Question

The molar concentration of the chloride ion in the solution obtained by mixing $300mL$ of $3.0M$ $NaCl$ and $200mL$ of $4.0M$ solution of $BaC{l_2}$ is:
A: $1.6M$
B: $1.8M$
C: $5.0M$
D: $0.5M$

Answer 1

Hint: Molarity is defined as the number of moles of the substance per liter of the solution and normality is defined as the number of gram equivalents of the substance dissolved per liter of the solution.

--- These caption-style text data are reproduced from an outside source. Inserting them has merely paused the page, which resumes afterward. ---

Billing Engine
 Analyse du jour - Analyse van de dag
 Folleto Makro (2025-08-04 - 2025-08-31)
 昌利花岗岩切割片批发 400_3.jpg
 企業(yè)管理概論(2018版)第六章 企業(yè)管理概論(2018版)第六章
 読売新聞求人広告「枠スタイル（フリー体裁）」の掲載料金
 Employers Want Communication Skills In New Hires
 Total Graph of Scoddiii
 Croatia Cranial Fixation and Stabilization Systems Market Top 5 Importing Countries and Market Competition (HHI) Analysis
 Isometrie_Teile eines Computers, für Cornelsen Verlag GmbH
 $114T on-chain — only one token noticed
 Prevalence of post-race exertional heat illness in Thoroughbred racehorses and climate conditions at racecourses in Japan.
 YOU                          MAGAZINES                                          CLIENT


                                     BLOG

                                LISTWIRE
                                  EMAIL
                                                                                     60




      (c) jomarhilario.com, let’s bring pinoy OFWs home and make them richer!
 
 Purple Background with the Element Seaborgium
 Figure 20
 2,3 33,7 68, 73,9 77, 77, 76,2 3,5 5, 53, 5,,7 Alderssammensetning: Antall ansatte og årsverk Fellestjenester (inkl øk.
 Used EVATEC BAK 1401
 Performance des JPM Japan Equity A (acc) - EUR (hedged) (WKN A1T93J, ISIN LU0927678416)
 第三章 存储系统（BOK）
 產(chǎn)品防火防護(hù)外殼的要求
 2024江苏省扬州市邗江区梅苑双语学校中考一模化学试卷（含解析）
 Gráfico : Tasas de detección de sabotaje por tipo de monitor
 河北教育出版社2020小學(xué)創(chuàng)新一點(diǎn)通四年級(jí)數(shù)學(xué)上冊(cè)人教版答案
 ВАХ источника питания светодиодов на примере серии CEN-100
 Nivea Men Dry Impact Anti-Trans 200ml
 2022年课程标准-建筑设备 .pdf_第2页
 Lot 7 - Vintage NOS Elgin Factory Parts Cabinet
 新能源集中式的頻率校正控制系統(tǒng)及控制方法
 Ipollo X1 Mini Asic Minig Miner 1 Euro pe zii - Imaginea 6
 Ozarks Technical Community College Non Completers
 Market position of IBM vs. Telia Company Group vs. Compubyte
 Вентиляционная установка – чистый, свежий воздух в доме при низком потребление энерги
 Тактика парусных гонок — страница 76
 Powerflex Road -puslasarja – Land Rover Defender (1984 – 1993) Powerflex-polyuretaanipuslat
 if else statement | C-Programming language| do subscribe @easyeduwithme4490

Gram equivalents can be found by multiplying valency with number of moles of substance.
Formula used: ${N_1}{V_1} + {N_2}{V_2} = NV$
$V = {V_1} + {V_2}$
Normality$ = $molarity$ \times n - $factor
Where ${N_1},{V_1}$ is the normality and volume of $NaCl$ solution and ${N_2},{V_2}$ is the normality and volume of $BaC{l_2}$ solution.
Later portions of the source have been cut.